Pendapat ini juga merupakan pendapat madzhab hanbali dan salah satu riwayat dari Imam Mujahid.
Al-Imam Atha Ibn Abi Rabah, Al-Hasan Al-Bashri, Ad-Dhohhak, An-Nakho’i, Az-Zuhri, Rabi’ah, Al-Auza’i, Abu Hanifah, As-Tsauri, Abu Tsaur, Abu Ubaid dan Imam Ibnul Mundzir berpendapat : Perempuan hamil dan menyusui boleh berbuka dan kemudian di bulan lain wajib QODHO. Ibu hamil dan menyusui TIDAK WAJIB FIDYAH, meski pun kondisi tubuh mereka prima [dan yang mereka khawatirkan hanya anak-anak mereka]. Kalangan ini mengqiyaskannya dengan orang yang sakit, sebagai mana kasus no. (1)

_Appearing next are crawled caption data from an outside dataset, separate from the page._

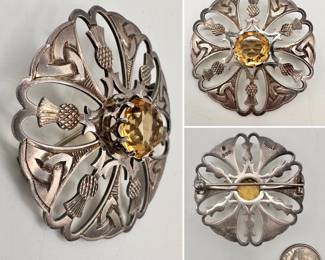 A high quality vintage sterling silver Scottish brooch, circular cutout frame with thistles and Celtic trinity knots, a raised faceted citrine set as a center stone. Hallmarks on the back include a thistle, an Edinburgh stamp, maker's mark of entwined JH for John Hart, silversmith; and the word "IONA"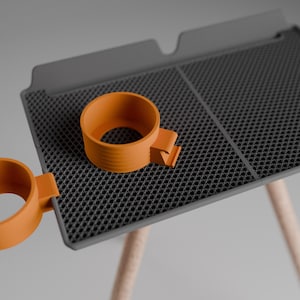 Peut inclure: Un plateau rectangulaire gris avec une surface textur&eacute;e en nid d'abeille et deux porte-gobelets circulaires orange fix&eacute;s sur les c&ocirc;t&eacute;s. Le plateau est soutenu par des pieds en bois clair, offrant une plateforme stable pour les boissons.
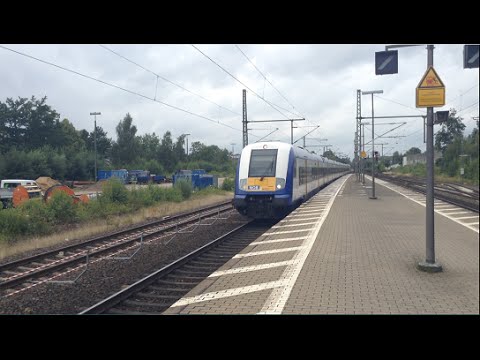 NOB mit ER 20 Dispolok durchfährt Pinneberg in richtung Hamburg Altona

Al-Imam Malik merinci : Bagi ibu hamil boleh tidak shaum, dan yang wajib baginya hanya QODHO. Tidak wajib membayar fidyah. Sedangkan ibu menyusui, wajib QODHO dan FIDYAH.
Pendapat paling rajih [kuat] menurut kami adalah pendapat yang mengatakan bahwa ibu hamil dan menyusui, jika mereka berbuka hanya karena melihat kondisi anaknya [dan bukan kondisi dirinya sendiri] wajib untuk mengqadha dan membayar fidyah. Alasannya :
Mereka pada asalnya wajib untuk melaksanakan shaum dan sanggup menunaikannya. Sebab faktor eksternal lah [bukan karena kondisi kesehatan tubuh mereka sendiri] yang membuat mereka harus membatalkan shaum.

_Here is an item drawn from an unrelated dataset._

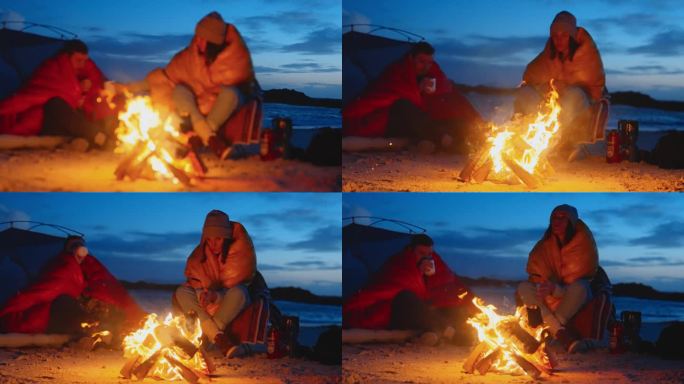 一对浪漫的夫妇穿着暖和的衣服在寒冷的天气里露营。一起在沙滩上篝火边热身，喝着热茶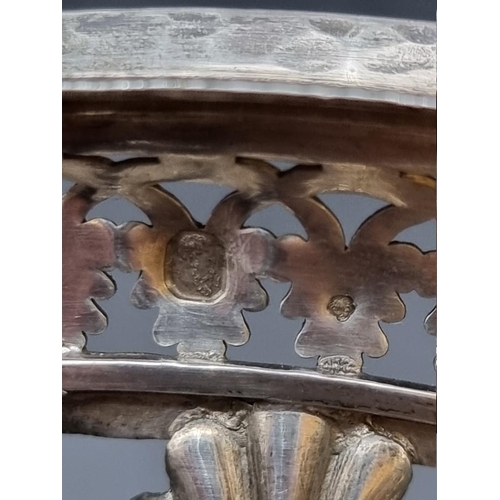 524 - An early 19th century French white metal openwork pedestal sugar bowl, having red glass liner, stamp...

Karena mereka sanggup untuk menunaikan qodho sebagaimana perempuan yang haidl dan nifas di bulan Ramadhan, maka diwajibkan atas mereka qodho.
Adapun wajibnya fidyah atas mereka disandarkan pada kewajiban dalam ayat :
وَعَلَى الَّذِينَ يُطِيقُونَهُ فِدْيَةٌ طَعَامُ مِسْكِينٍ
“Dan wajib bagi orang-orang yang berat menjalankannya [jika mereka tidak shaum] membayar fidyah, [yaitu] : memberi makan seorang miskin…” (QS. Al-Baqarah [2] : 184)
Ibn ‘Abbas berkata,
وَ الحُبْلٰى وَالمُرْضِع إِذَا خَافَتَا – يَعْنِي عَلَى أَوْلَادِهِمَا- أَفْطَرَتَا وَأَطْعَمَتَا
“Perempuan hamil dan menyusui, jika keduanya takut -yakni terhadap kondisi anak-anak mereka- maka bagi mereka berbuka [untuk nanti qodho’] dan memberi makan [fidyah]”. (HR. Abu Dawud. Kitab Shaum, Bab tentang perkara pasti bagi Orang Tua dan Ibu Hamil. No 2317)

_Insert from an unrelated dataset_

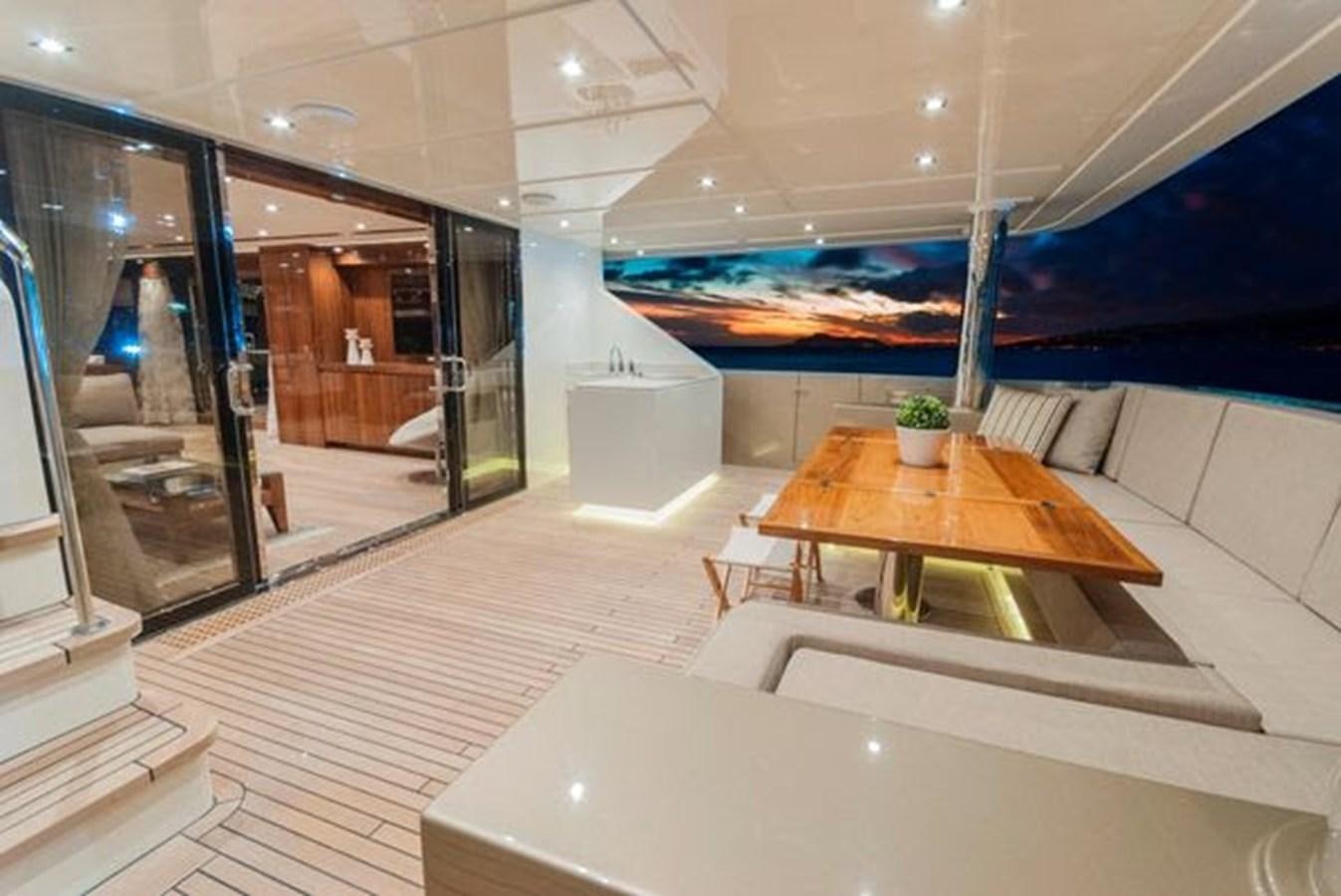 a room with a table and chairs aboard 2024 MCP 106 LE Yacht for Sale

Penafsiran ini juga diriwayatkan oleh Ibn ‘Umar radhiyallahu ‘anhuma, dan tidak ada seorang sahabat pun menyelisihi mereka. (Al-Mughni, 3/150)
Kewajiban fidyah tidak berbenturan dengan kewajiban qodho, oleh sebab itu keduanya wajib atas perempuan hamil dan menyusui. (Al-Mughni, 3/150)
Syarat : “jika mereka berdua khawatir dengan kondisi anaknya” merupakan syarat yang disebutkan dalam tafsir para sahabat. Penafsiran sahabat bisa dihukumi sebagai marfu’, atau dihukumi sebagai riwayat hadits Nabi secara makna, jika mereka sepakat atas suatu penafsiran dan tidak ada perselisihan di antara mereka atas penafsiran itu. (lihat juga pembahasan ini dalam kitab I’lam Al-Muwaqqi’in, karya Imam Ibn Qayyim Al-Jauziyyah)
Sedangkan untuk ukuran fidyahnya sendiri, maka dalam madzhab Syafi’i sebesar satu mud Nabi shallallaahu ‘alayhi wasallam. Bila dikira-kira, ukurannya sebanyak 600 gram beras dan diberikan kepada fakir miskin. Bisa juga berupa makanan siap saji untuk makan 1 hari [dua kali makan berat]. Satu hari tidak shaum, dibayar dengan satu mud fidyah. Ini bagi mereka yang berkemampuan.
Fidyah boleh ditunaikan saat ini -di bulan Ramadhan- atau nanti setelah Ramadhan. Bebas.
Demikian penjelasan kami mengenai hal ini. Wallahu a’lam.